In York, my boyfriend painted the walls before I arrived. We bought a futon bed. Set up the record player. Ate spaghetti sitting cross legged on the floor. Filled our home with second-hand furniture and hanging baskets and Hockney prints and colour co-ordinated bookshelves and paintings we did, ourselves, with huge brushes and smears of paint that we thought echoed the sunrise. A new life, dawning, or something like that.

I was working from home, as a freelancer, getting up very early in the morning to write. I texted my friends, called them. Tried to make new ones. Struggled. The thing is, if you work from home, it’s very hard to meet new people. I went to the gym very early and worked all day and wrote on the weekends and calculated how many times I could go to London in a year. I turned twenty-six. On my worst days, I’d watch Sex and the City in bed and wonder what the fuck I was doing with my life. On my best days, I’d wake at six thirty and sit at my computer, light a candle, write until I realised I was very hungry and the sun had risen and that I had to pee but also I couldn’t quite yet because this sentence isn’t quite right and that the time had flown but it was also like no time had passed at all.

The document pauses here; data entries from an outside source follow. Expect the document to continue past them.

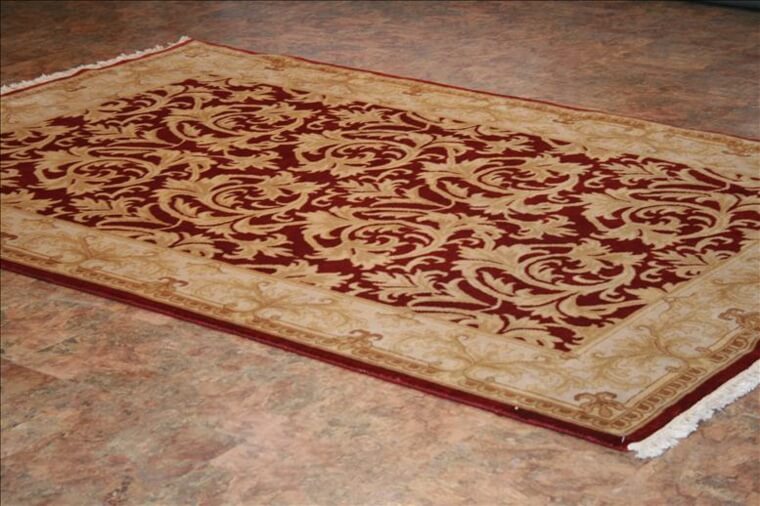 tapis fleurs classique oriental persien resized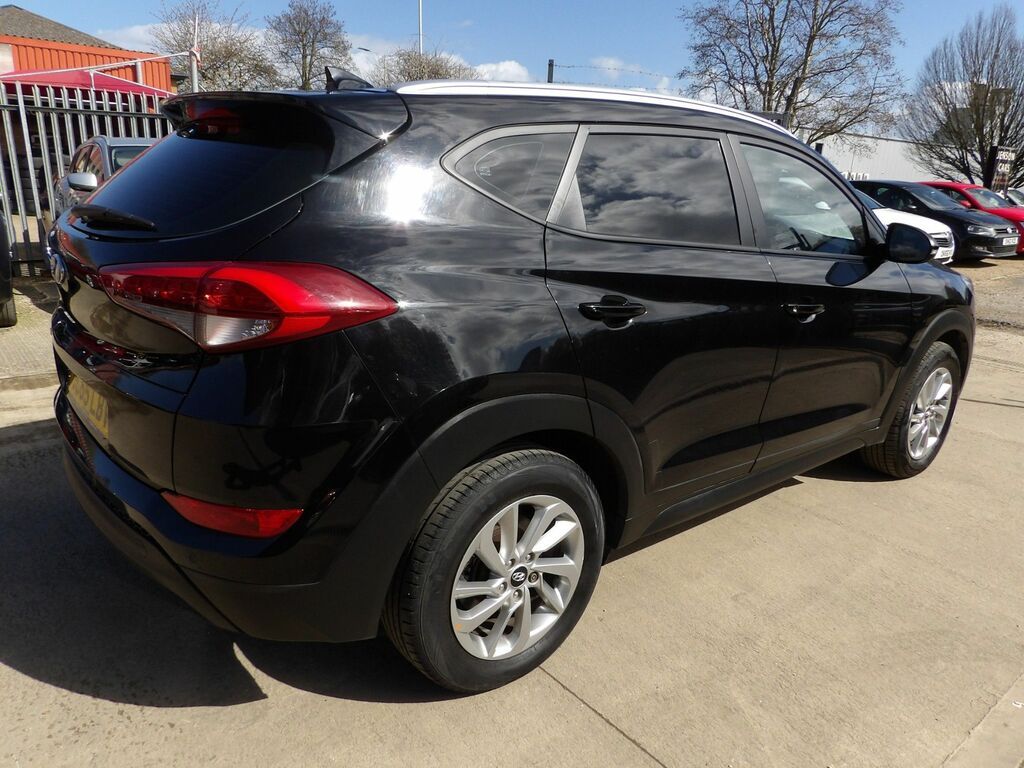 Hyundai Tucson 1.7 Crdi Blue Drive Se Nav Suv E SC65LBV Black #6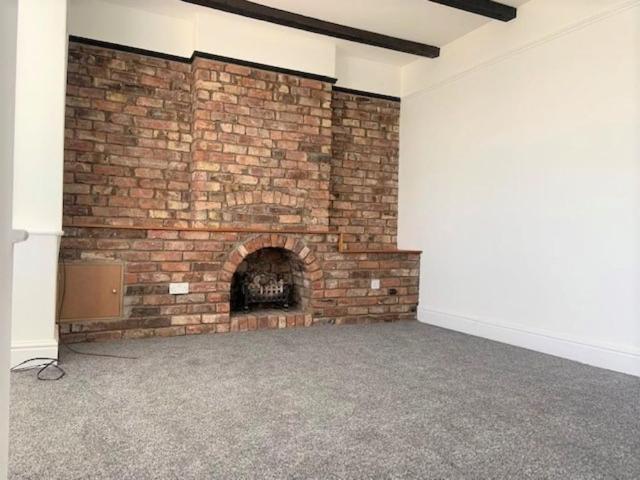 2 bedroom semi detached house to rent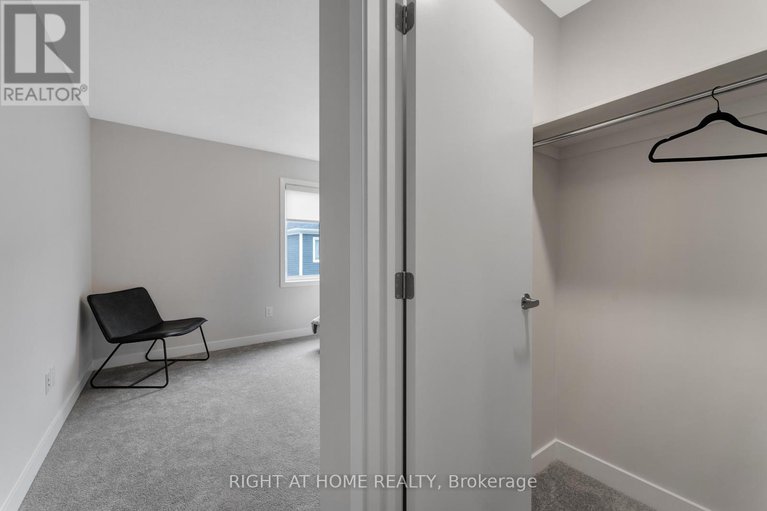 28824525/30-chasing-grove/btwn-franktown-rd-fallowfield-rd/ottawa/ontario/K0A2Z0_24
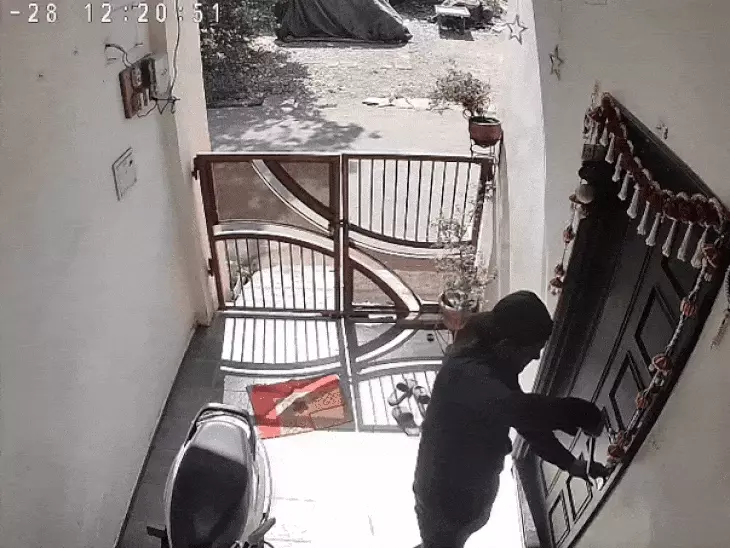 दिनदहाड़े रॉड से ताला तोड़ घुसा चोर, CCTV में कैद हुई वारदात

I was mostly happy, and a bit lonely, and this was a compromise I knew I was making: to leave London and its wine bars and its galleries and all my friends, to live where I could afford to spend more time writing – whole days, sometimes, if I wanted to. But that doesn’t mean it wasn’t hard.

images from Pinterest

The thing about change is that it cracks you open. It reveals your depths, invites your insides to seep into the light, like a caramel-filled chocolate egg. Leaves you slightly broken, clamouring to pick up the pieces, but also slightly in awe of all that lies within you. Who knew you had so much resilience? That your insides were not only sweet but also, somehow, golden?


Notes from the Mailbox

Every few weeks, I ask you gorgeous paid subscribers what you’d like me to write about. This is what you said this week:

New beginnings when you’re excited for change but it also feels bittersweet

I would love to hear your thoughts on imposter syndrome

[On navigating your twenties]: There’s so many emotions and so many things changing, and there doesn’t seem to be any kind of guide to getting through it all.

You’re so right, there is no guide to getting through it all. Let me try and change that. Here’s a tiny guide for some of the things I wish I knew before changing my whole life. I hope you like it.


On making the decision

Ask yourself: what is holding me back from doing this? If the answer is fear, then do it anyway. It’s okay to be scared. In fact, it’s probably good. It shows you’re alive and aware, that heart beating butterfly-like in your chest, that you’re alert and conscious that this is big and scary. But just because something is big and scary doesn’t mean it’s not worth doing.

On long-distant friendship (it’s an art)

No, really, it is. It takes a long time to learn. It requires a huge amount of trust – of yourself, of your friend. I have this theory that it takes 100 hours to become very close with someone, then after that, all you need to do is water the garden, and they’ll stay close. Send them memes, and voice notes, and photos from your day. Don’t overthink it if they don’t reply for a while. The best friendships are low-maintenance; they’re always there, humming in the background, but they don’t require you to constantly reply, or for them to. Being a friend shouldn’t feel like homework, or something on your to do list. Every few months, visit each other, or have a long phone call, or plan a holiday, or something. Re-find the spark, just as you would if you drifted from a romantic partner. Reach out. Tell them you love them, that you’re always there. And always, always, always send a birthday card.